The reduction will make more money available for lending and support small and rural enterprises, construction projects and other activity, the People's Bank of China said.
It said the amount of their deposits that China's commercial lenders will be required to hold in reserve will be reduced by at least 0.5 percent. The reduction for rural banks will be bigger.
Analysts expected new stimulus measures after last year's economic growth slumped to a 24-year low of 7.4 percent.
The move is the equivalent of adding about 600 billion yuan ($96 billion) to the balance sheets of China's state banks, according to Mark Williams of Capital Economics. He said, however, that because of loan quotas and other regulatory restrictions, the direct impact on lending would be smaller than that.

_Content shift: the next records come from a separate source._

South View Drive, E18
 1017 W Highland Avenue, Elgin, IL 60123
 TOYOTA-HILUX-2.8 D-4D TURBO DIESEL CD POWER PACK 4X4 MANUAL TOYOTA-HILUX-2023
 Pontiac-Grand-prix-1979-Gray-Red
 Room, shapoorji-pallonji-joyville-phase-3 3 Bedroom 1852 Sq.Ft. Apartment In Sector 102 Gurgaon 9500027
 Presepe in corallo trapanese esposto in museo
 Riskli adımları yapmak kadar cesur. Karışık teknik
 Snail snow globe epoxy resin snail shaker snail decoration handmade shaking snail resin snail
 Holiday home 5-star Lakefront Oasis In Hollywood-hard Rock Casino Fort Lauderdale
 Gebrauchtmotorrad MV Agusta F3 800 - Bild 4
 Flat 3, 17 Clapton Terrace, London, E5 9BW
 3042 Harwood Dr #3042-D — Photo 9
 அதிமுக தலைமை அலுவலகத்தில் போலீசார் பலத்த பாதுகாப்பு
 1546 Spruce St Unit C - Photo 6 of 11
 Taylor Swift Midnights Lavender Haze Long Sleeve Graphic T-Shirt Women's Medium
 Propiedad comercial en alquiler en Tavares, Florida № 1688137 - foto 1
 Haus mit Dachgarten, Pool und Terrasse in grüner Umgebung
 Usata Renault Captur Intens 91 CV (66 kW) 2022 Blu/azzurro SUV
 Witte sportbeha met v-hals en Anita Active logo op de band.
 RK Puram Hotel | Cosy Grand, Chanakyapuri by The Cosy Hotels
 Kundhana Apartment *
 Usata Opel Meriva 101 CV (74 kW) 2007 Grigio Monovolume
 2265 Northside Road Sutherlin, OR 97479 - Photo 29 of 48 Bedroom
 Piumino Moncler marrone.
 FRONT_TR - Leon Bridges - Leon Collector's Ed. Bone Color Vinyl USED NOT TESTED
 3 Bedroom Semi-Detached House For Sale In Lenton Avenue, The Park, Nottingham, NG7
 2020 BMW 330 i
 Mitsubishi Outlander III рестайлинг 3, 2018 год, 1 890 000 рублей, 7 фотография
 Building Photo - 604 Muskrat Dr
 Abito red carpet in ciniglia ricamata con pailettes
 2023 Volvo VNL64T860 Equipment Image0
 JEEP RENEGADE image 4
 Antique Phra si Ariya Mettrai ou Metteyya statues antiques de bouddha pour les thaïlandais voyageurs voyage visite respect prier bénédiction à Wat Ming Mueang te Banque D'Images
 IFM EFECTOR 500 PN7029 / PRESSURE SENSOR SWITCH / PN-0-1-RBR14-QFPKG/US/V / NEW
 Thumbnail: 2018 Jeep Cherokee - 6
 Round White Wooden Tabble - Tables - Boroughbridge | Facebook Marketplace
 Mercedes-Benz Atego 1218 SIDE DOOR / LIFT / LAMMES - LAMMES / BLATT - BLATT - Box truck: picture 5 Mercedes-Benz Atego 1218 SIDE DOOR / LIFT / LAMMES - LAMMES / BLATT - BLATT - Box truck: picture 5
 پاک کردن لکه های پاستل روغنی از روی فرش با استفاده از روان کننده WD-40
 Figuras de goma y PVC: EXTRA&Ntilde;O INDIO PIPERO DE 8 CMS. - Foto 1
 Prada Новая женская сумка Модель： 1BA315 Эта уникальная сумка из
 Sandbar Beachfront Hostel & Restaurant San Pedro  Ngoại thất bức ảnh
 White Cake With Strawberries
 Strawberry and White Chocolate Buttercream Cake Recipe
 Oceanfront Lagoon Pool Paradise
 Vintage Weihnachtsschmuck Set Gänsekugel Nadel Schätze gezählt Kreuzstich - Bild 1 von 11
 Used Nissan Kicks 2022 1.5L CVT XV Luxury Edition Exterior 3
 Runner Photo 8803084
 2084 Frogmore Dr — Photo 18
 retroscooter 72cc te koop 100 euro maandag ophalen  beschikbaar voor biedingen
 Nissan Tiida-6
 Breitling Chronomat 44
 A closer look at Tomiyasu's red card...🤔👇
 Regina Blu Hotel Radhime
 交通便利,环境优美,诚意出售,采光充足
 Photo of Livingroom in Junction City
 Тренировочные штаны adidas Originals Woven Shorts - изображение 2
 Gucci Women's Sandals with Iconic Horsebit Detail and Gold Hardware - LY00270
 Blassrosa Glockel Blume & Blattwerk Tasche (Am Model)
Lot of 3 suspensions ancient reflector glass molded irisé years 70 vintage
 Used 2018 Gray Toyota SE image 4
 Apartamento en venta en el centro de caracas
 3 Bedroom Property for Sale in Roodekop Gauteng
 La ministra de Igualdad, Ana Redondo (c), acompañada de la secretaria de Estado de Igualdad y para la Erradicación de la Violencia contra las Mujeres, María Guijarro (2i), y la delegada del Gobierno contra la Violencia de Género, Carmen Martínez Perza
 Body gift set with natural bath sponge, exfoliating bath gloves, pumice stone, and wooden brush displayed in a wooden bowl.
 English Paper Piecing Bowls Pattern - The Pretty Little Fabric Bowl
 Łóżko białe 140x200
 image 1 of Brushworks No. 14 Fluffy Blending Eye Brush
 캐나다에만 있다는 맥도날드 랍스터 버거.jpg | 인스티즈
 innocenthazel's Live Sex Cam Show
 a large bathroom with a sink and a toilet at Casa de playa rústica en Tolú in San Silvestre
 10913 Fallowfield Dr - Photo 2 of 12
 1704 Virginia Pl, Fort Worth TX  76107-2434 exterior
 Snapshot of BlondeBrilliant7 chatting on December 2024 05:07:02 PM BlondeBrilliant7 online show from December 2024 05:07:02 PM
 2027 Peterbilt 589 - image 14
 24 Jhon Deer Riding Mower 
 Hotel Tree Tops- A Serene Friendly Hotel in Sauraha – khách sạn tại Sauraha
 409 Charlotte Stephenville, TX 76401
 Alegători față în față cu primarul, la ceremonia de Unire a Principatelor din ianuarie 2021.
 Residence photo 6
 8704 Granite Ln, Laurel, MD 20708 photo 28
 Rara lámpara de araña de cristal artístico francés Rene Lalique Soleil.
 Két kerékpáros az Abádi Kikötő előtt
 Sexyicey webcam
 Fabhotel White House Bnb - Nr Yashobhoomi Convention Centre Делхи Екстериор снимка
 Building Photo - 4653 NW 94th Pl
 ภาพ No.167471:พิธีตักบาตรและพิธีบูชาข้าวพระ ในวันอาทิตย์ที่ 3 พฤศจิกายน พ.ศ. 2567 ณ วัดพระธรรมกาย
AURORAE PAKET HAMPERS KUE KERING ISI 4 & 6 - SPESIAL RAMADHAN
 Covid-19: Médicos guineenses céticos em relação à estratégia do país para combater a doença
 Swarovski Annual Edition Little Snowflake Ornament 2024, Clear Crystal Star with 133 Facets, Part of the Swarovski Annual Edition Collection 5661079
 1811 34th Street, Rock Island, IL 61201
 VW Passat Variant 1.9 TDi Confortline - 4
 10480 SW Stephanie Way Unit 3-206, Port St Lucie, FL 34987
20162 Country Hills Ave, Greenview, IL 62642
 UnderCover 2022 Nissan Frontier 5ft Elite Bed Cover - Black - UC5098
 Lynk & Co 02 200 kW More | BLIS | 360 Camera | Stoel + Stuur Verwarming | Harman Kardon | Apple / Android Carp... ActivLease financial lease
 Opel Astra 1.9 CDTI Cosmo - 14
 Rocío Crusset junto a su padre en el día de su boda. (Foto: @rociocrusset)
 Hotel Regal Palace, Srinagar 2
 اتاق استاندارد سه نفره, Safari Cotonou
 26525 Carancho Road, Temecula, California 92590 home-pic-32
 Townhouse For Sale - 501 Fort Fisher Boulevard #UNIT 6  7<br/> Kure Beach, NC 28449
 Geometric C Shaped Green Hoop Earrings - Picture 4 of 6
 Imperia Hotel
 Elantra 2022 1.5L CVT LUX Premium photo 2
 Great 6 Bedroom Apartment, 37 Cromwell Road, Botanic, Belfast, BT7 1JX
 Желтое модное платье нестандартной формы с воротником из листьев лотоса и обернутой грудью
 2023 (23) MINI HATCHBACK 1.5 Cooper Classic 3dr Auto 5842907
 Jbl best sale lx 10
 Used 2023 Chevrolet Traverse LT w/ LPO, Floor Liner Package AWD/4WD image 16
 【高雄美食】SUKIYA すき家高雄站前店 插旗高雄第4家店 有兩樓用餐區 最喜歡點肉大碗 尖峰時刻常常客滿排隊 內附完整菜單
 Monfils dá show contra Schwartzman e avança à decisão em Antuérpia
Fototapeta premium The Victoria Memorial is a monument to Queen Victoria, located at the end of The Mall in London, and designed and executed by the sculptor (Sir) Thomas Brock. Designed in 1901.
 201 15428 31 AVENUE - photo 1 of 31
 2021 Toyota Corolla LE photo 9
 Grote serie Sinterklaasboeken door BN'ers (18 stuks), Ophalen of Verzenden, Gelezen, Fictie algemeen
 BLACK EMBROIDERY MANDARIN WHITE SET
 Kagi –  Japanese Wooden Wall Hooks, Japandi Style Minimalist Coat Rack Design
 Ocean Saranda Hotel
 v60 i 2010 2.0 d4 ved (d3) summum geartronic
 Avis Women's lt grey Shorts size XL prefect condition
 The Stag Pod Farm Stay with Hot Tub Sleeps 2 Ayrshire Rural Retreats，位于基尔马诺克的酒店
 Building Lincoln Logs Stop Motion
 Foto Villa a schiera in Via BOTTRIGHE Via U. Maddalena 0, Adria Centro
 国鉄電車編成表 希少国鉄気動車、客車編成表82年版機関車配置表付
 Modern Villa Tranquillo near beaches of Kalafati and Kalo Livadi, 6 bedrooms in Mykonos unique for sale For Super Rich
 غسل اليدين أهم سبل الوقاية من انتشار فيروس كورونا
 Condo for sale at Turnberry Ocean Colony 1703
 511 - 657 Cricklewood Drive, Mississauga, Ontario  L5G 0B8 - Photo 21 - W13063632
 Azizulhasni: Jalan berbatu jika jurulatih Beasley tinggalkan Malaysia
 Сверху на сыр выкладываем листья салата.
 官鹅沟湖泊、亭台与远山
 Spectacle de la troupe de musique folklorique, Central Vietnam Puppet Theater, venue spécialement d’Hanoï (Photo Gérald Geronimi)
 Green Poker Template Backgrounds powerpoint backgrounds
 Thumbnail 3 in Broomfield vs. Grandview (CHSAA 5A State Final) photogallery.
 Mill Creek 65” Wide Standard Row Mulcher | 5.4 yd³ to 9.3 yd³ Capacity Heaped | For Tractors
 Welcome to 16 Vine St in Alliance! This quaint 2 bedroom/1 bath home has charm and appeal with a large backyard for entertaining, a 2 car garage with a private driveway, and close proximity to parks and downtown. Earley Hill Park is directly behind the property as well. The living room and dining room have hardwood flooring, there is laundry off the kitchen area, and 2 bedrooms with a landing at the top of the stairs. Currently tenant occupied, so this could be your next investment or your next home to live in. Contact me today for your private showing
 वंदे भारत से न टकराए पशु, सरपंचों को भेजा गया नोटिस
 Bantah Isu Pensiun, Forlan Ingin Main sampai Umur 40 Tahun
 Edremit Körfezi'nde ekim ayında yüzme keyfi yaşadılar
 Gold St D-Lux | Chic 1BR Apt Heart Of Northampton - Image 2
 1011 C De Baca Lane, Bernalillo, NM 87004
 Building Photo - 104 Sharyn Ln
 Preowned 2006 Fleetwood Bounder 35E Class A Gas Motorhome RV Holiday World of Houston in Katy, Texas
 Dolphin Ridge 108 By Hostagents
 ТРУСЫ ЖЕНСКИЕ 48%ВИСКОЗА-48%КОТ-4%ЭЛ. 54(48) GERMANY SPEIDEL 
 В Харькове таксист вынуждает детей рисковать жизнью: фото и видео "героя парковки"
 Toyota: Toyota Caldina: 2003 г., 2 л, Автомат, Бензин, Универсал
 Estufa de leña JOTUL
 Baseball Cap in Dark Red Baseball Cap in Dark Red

"The move increases their capacity to lend by allowing them to hold more customer deposits for a given level of reserves," said Williams in a report.
China's waning growth, along with stagnation in Europe and Japan, was behind recent downgrades in forecasts for the global economy this year and next. Hoping to reverse economic malaise, the European Central Bank and Bank of Japan have launched unprecedented stimulus efforts.
Much of China's slowdown over the past three years has been intentional and the result of the ruling Communist Party's efforts to nurture more self-sustaining growth based on domestic consumption instead of exports and investment.
Chinese leaders have launched a series of targeted measures to prop up individual industries through higher spending on railway construction and other projects while trying to avoid a repeat of 2008's across-the-board stimulus which relied heavily on debt.
Manufacturing weakened in January, according to surveys by HSBC Corp. and a Chinese industry group. The China Federation of Logistics and Purchasing said its purchasing managers' index fell to a 28-month low.